Este cenário apocalíptico é a nova e aterradora realidade de Cuba em dezembro de 2025. A ilha, já estrangulada por uma crise econômica histórica, escassez generalizada e apagões diários, enfrenta agora o colapso total do seu outrora elogiado sistema de saúde. Uma epidemia explosiva de arboviroses – doenças transmitidas por mosquitos Aedes aegypti – varre o país, encontrando o ecossistema perfeito para sua propagação: uma população debilitada, infraestrutura urbana em ruínas e um Estado incapaz de responder.
O Colapso dos Pilares: Onde Tudo Começou
Para entender a epidemia, é preciso olhar para o colapso sistemático dos pilares que a conteriam.

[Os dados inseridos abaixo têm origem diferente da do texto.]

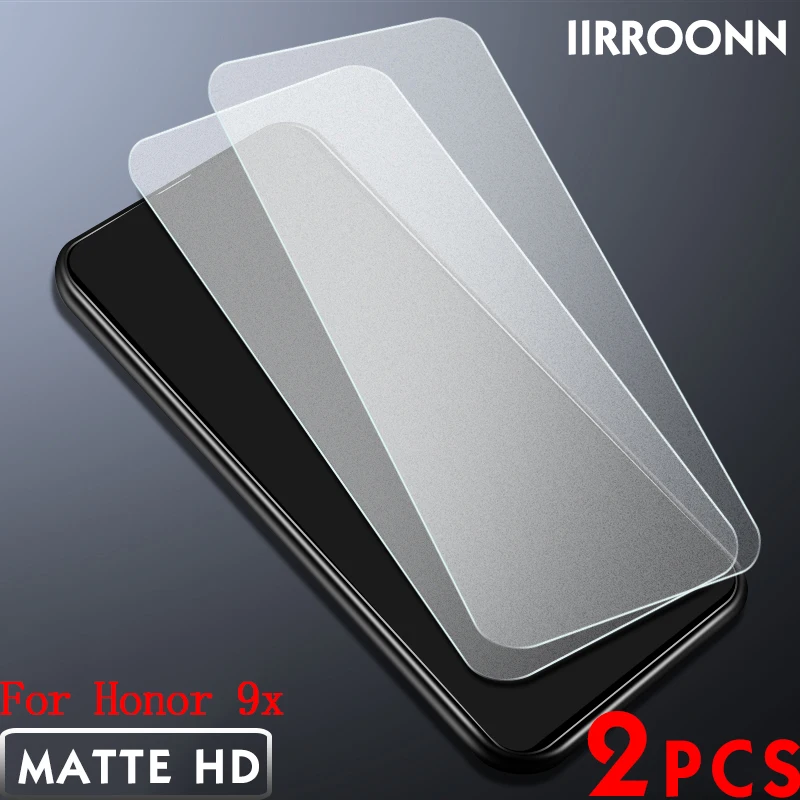 

2Pcs/lot Matte Tempered Glass For Huawei Y9 Prime (2019) Huawei Honor 9x 9xpro Screen Protector for honor 9x pro Protective Film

A Crise de Saneamento Básico: Os apagões, que podem durar mais de 18 horas, paralisam os sistemas de bombeamento de água. A população é forçada a armazenar o líquido precário em qualquer recipiente – baldes, tambores, pneus velhos – que se transformam em criadouros ideais para mosquitos. O serviço de coleta de lixo é irregular, com montanhas de detritos acumulando-se em esquinas e terrenos baldios, gerando mais focos de infestação. “É uma tempestade perfeita”, explica um médico cubano que pede anonimato por medo de represálias. “O Estado não fornece água potável, então as pessoas a armazenam. O Estado não coleta o lixo, então os mosquitos se reproduzem. E o Estado não fornece inseticidas ou recursos para a campanha de fumigação, que era nossa principal arma.”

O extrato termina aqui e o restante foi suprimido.